(Captioned web images)
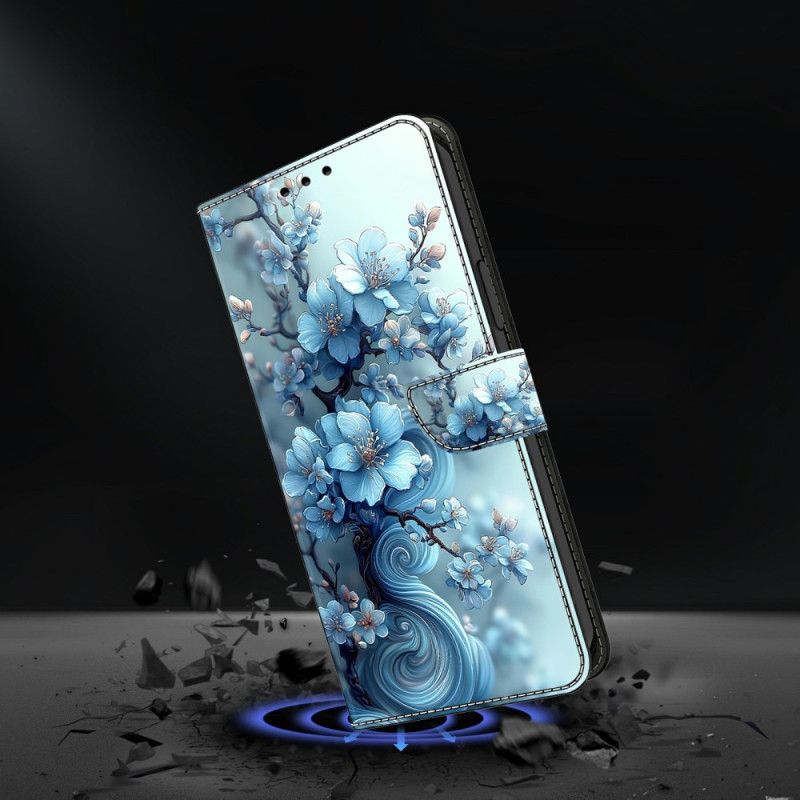 Flip Cover Samsung Galaxy S26 Isblå Blomster
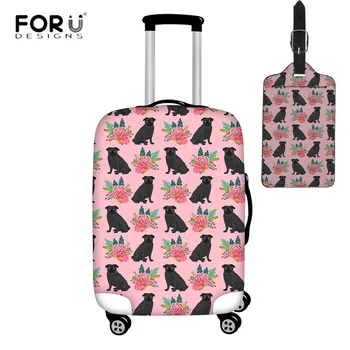 

FORUDESIGNS Cartoon Travel Luggage Cover Black Pug Dog Floral Print Suitcase Protective Covers for 18-32 Inch Case Baggage Cover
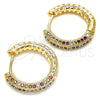 Argolla Huggie 02.264.0006.2.20 Oro Laminado, con Multicolor Micro Pave, Pulido, Tono Dorado
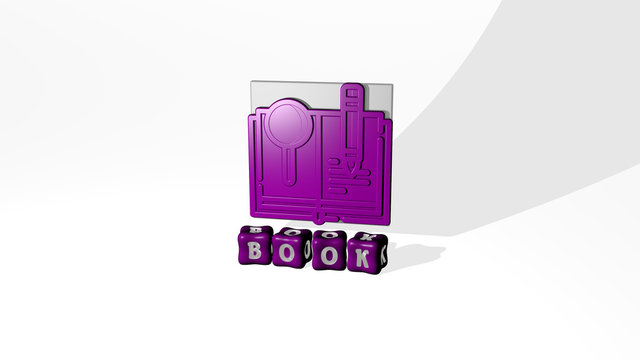 3D representation of BOOK with icon on the wall and text arranged by metallic cubic letters on a mirror floor for concept meaning and slideshow presentation for illustration and background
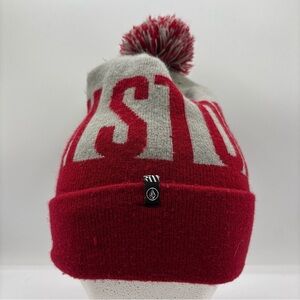 Volcom Stoned Pom Beanie Red/Grey Stretch Fit Knit Winter Cuffed Streetwear OSFM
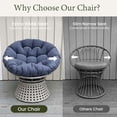 thumbnail image 5 of LayinSun 2 Pieces Oversized Outdoor Rattan Swivel Papasan Chair with 6" Soft Thickened Cushion for Patio, Deck, Living Room, 5 of 7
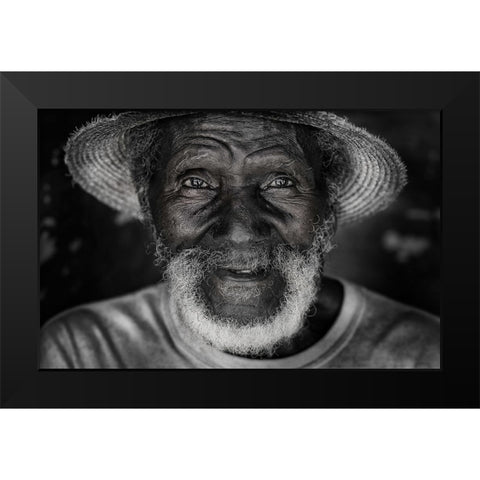 happy man in Cuba. Black Modern Wood Framed Art Print by Raskin, Moris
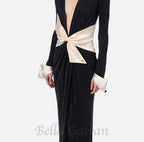 Flowering Girl Women bow black carpet dress in drape jersey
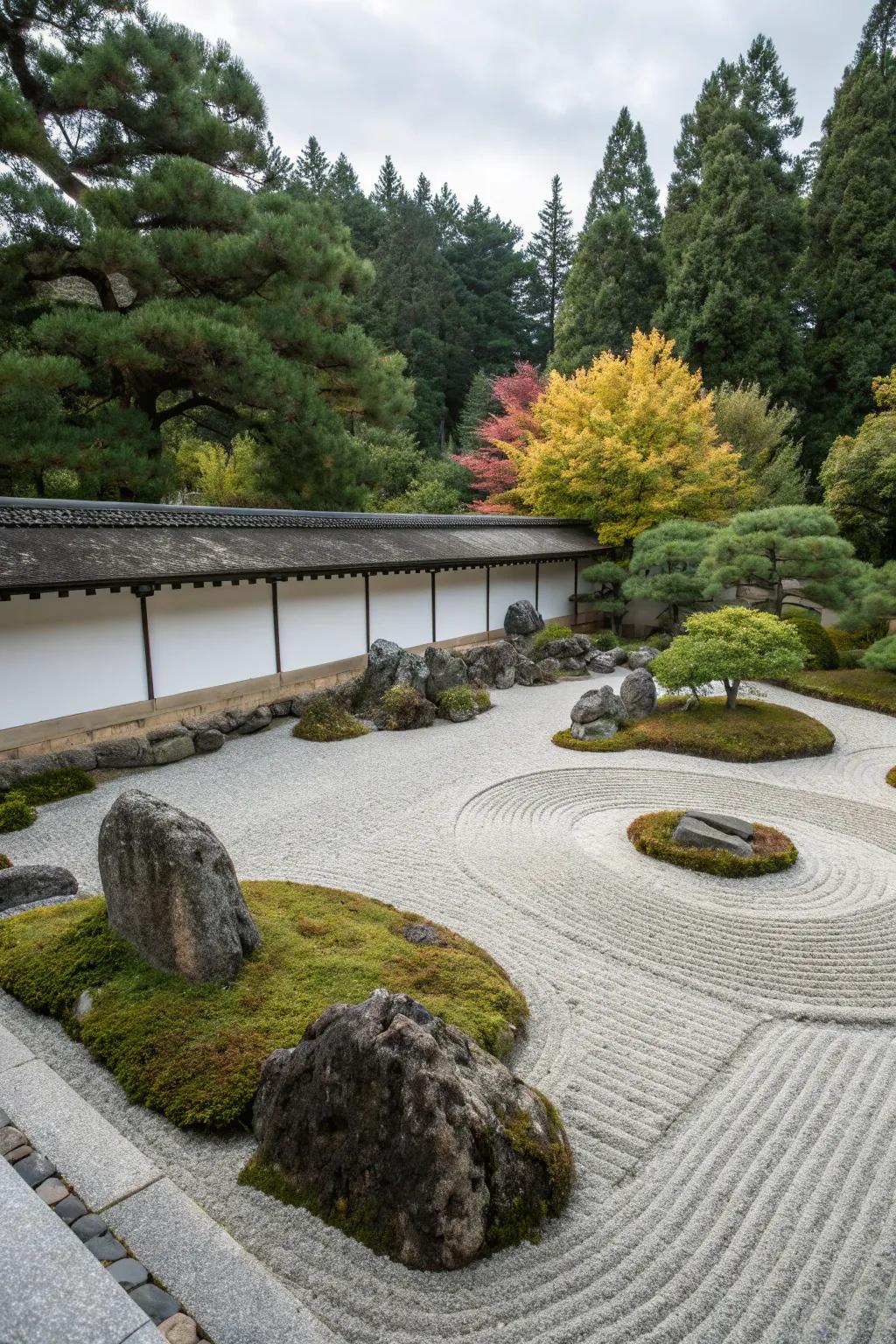 Stone islands in a zen garden creating a miniature landscape of tranquility.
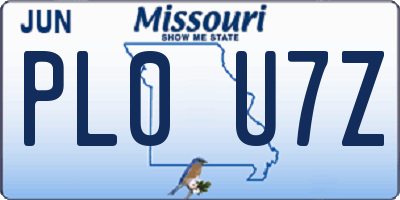 MO license plate PL0U7Z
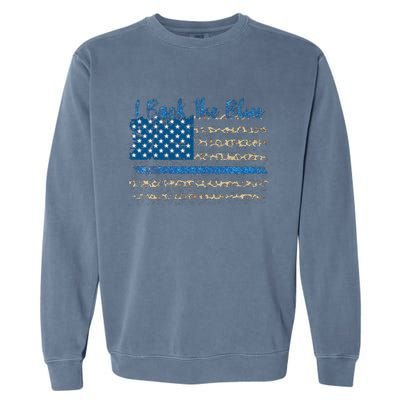 Vintage Usa Flag I Back The Blue Thin Blue Line Police Gift Garment-Dyed Sweatshirt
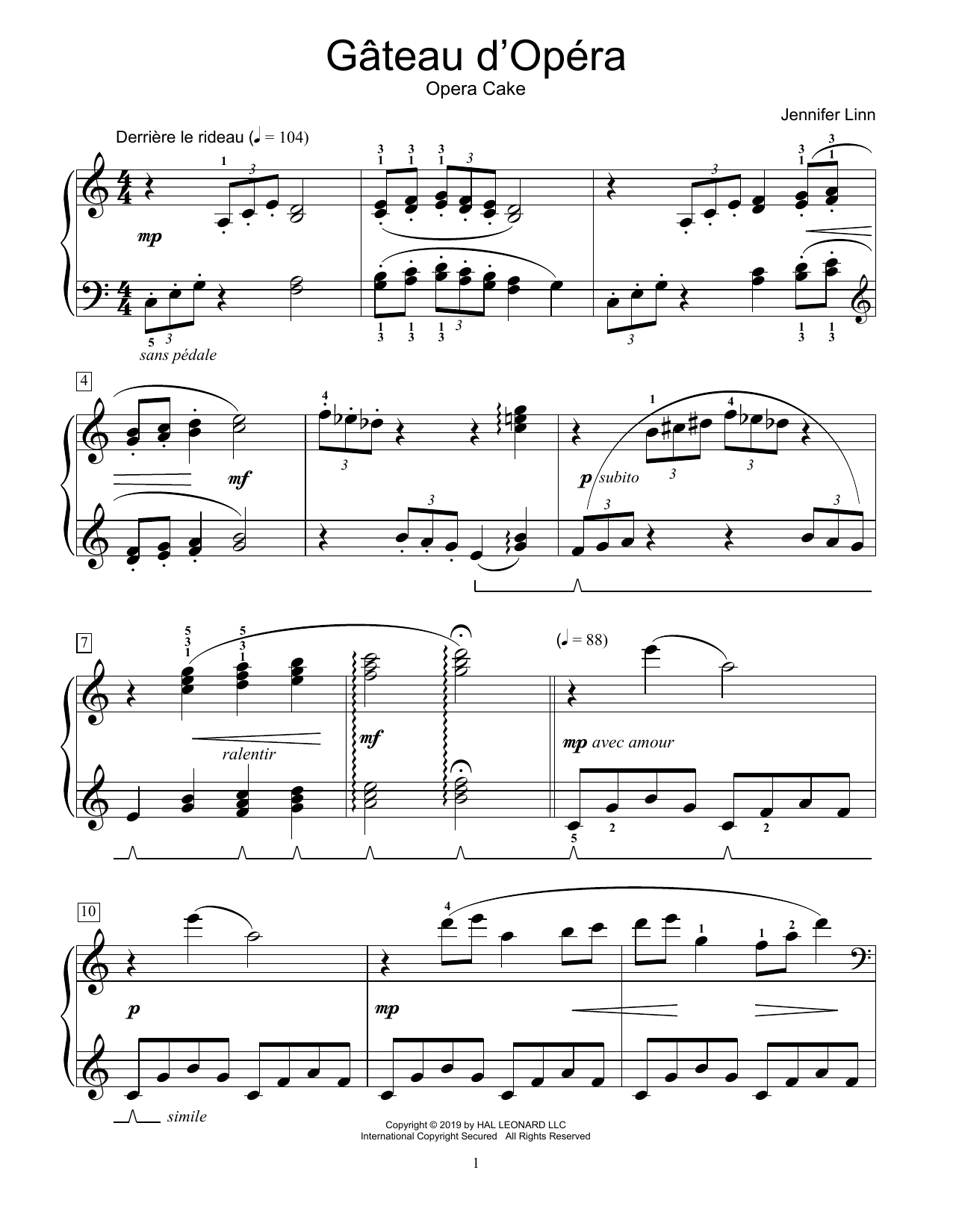 Jennifer Linn Gateau d'Opera sheet music notes and chords arranged for Educational Piano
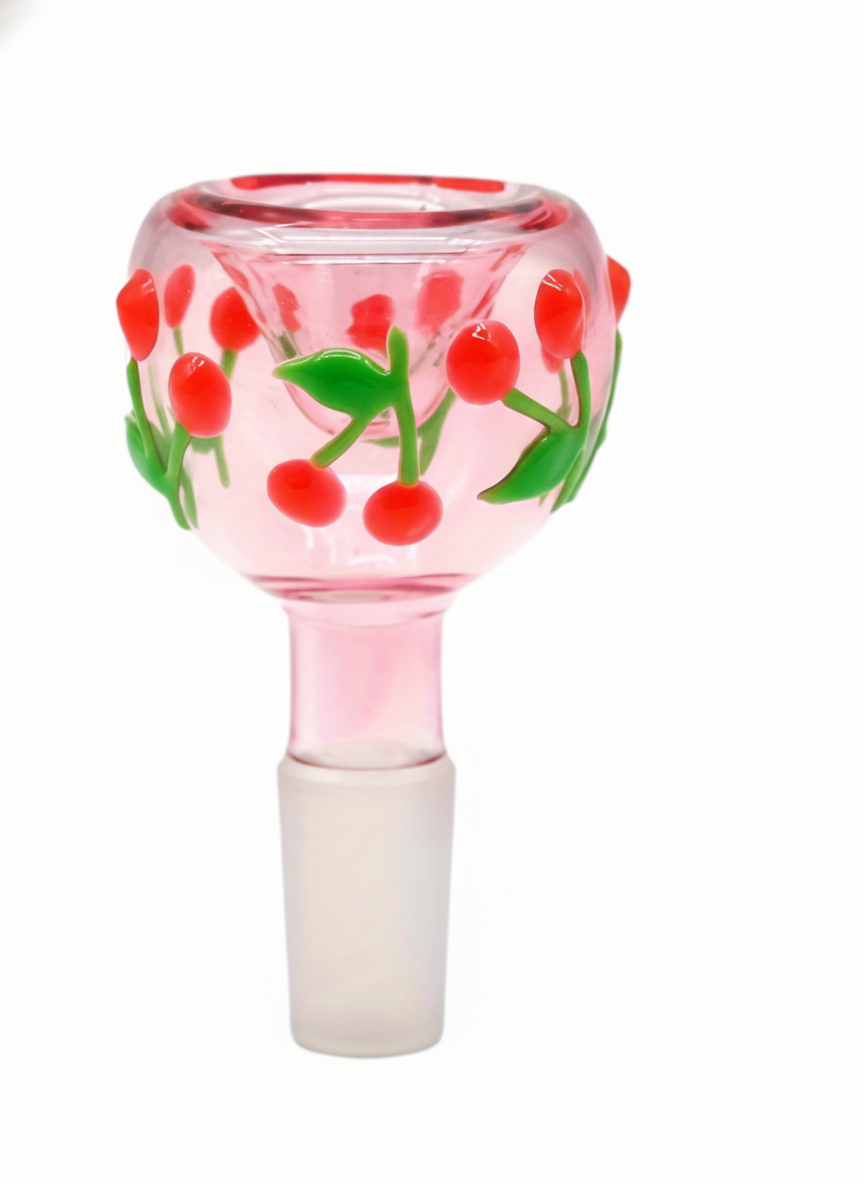 BOWL – Pink bowl with red cherries – PINK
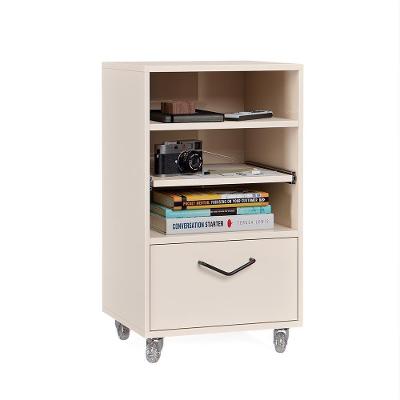 Organizador Mini Organizador 1 Gaveta Steel Moderno MDF-MDP com Rodízios Off White EJ Móveis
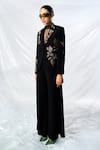 Buy_Shahin Mannan_Black Crepe Embroidery Hand Blazer _Online_at_Aza_Fashions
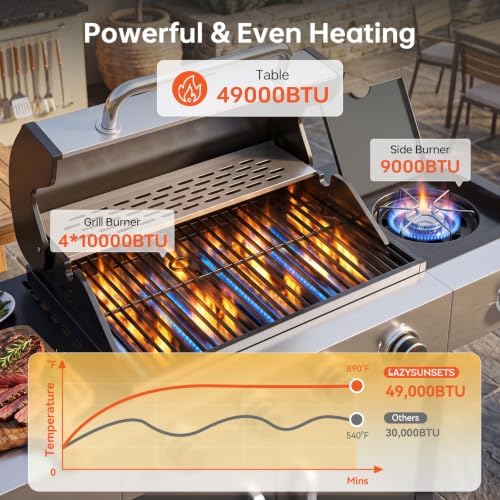 LazySunsets 4-Burner Propane Grill 49,000 BTU Stainless Steel，Black - Image 6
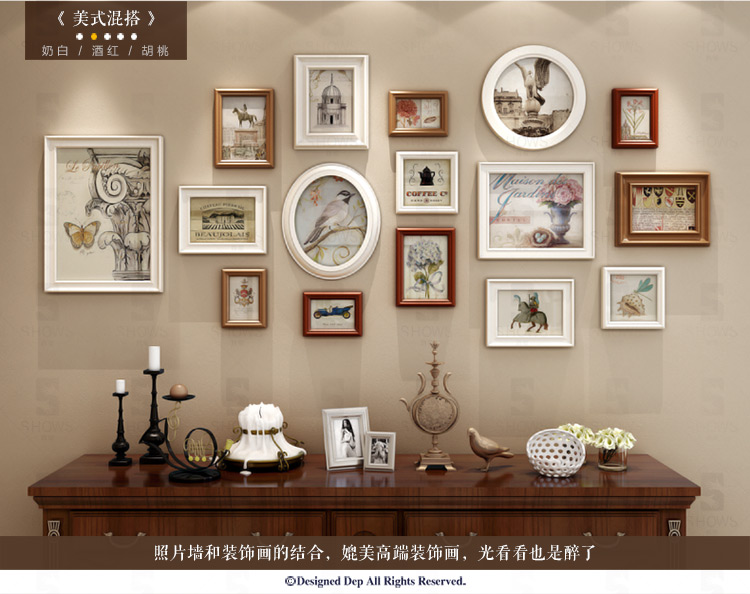 
                                        首玺 简欧餐厅照片墙地中海挂墙相框墙欧式小客厅创意相片墙W16 情迷地中海-蓝白框 整体尺寸170cmX78cm                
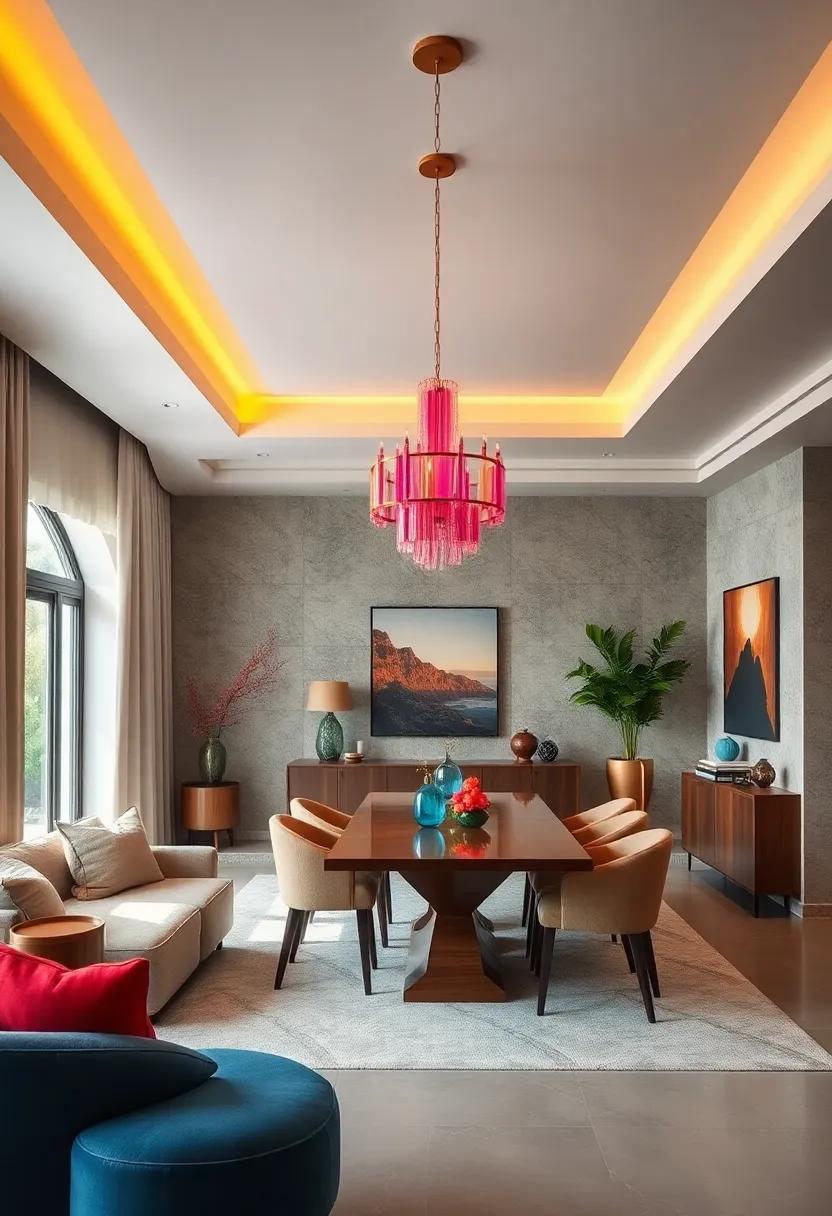 Colorful Statements: Bold and Bright Chandelier Designs That Transform Dining Ambiance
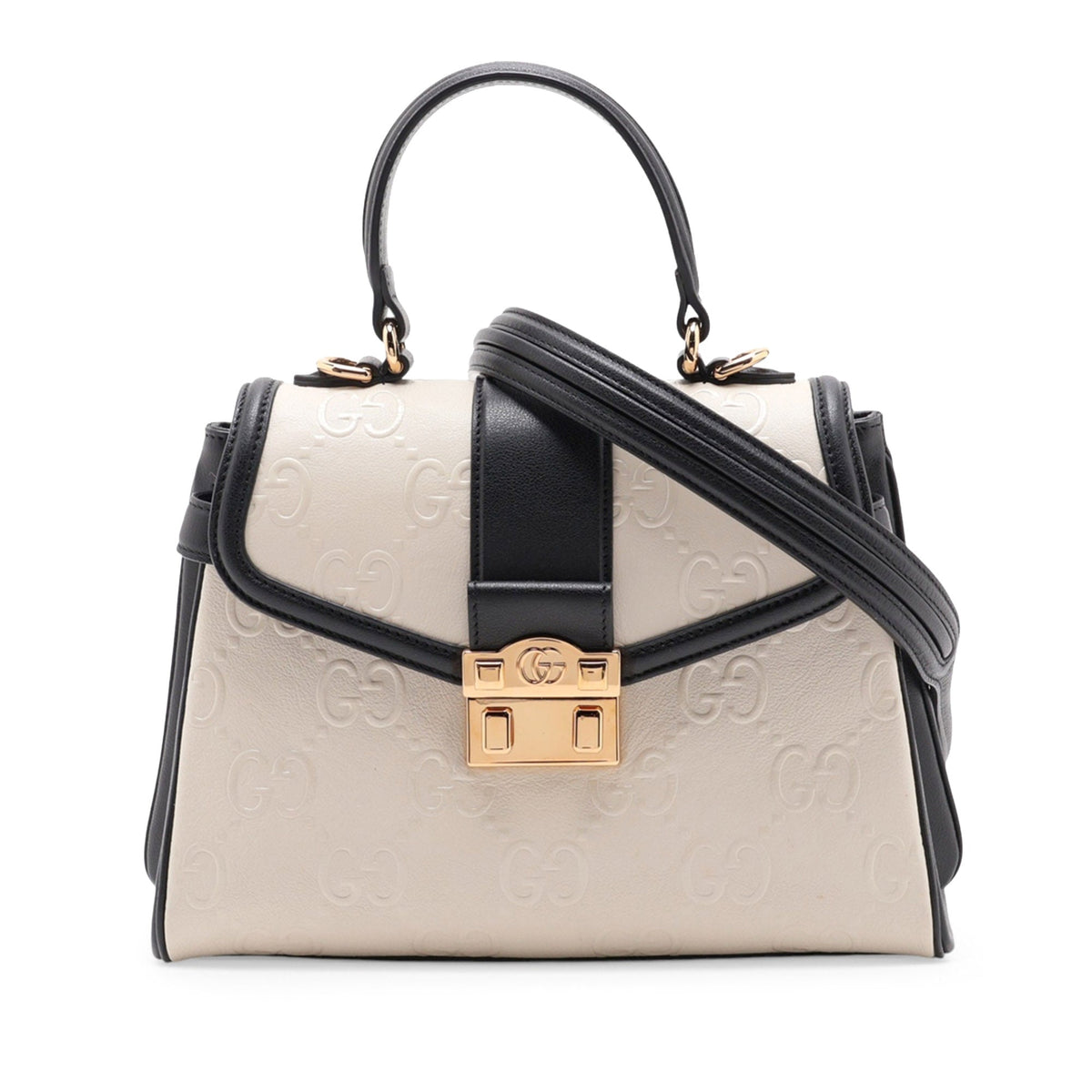 Gucci Small GG Debossed Calfskin Top Handle Bag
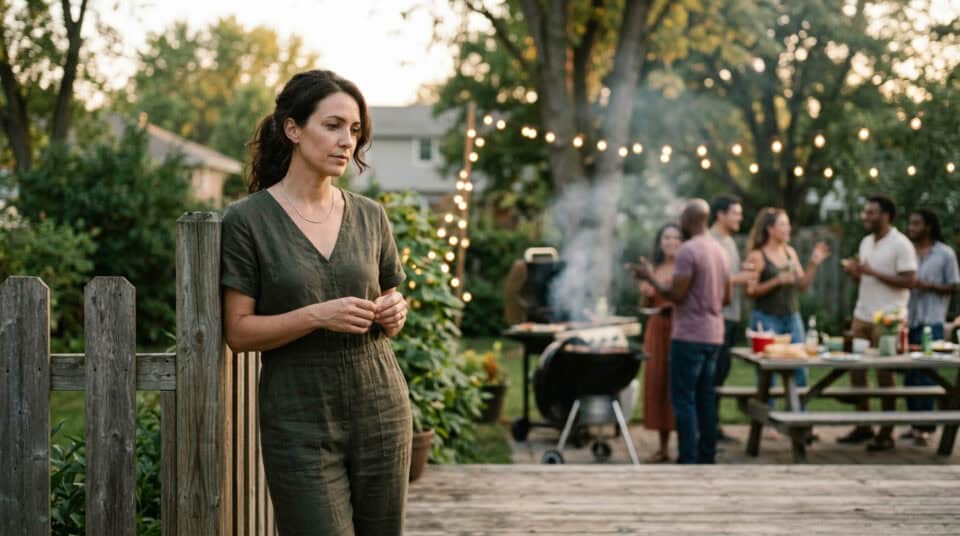 A woman standing alone near a wooden fence at a backyard party, feeling contemplative while friends enjoy grilling and socializing in the background.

# What you will do
Output exactly the lines above, beginning at the one with "Vintage Usa Flag" and stopping after the one with "Gucci Small GG". Pictures are to be omitted.

# Output below
 Vintage Usa Flag I Back The Blue Thin Blue Line Police Gift Garment-Dyed Sweatshirt
 Jennifer Linn Gateau d'Opera sheet music notes and chords arranged for Educational Piano
 BOWL – Pink bowl with red cherries – PINK
 Organizador Mini Organizador 1 Gaveta Steel Moderno MDF-MDP com Rodízios Off White EJ Móveis
 Buy_Shahin Mannan_Black Crepe Embroidery Hand Blazer _Online_at_Aza_Fashions
 LazySunsets 4-Burner Propane Grill 49,000 BTU Stainless Steel，Black - Image 6
                                        首玺 简欧餐厅照片墙地中海挂墙相框墙欧式小客厅创意相片墙W16 情迷地中海-蓝白框 整体尺寸170cmX78cm                
 Colorful Statements: Bold and Bright Chandelier Designs That Transform Dining Ambiance
 Gucci Small GG Debossed Calfskin Top Handle Bag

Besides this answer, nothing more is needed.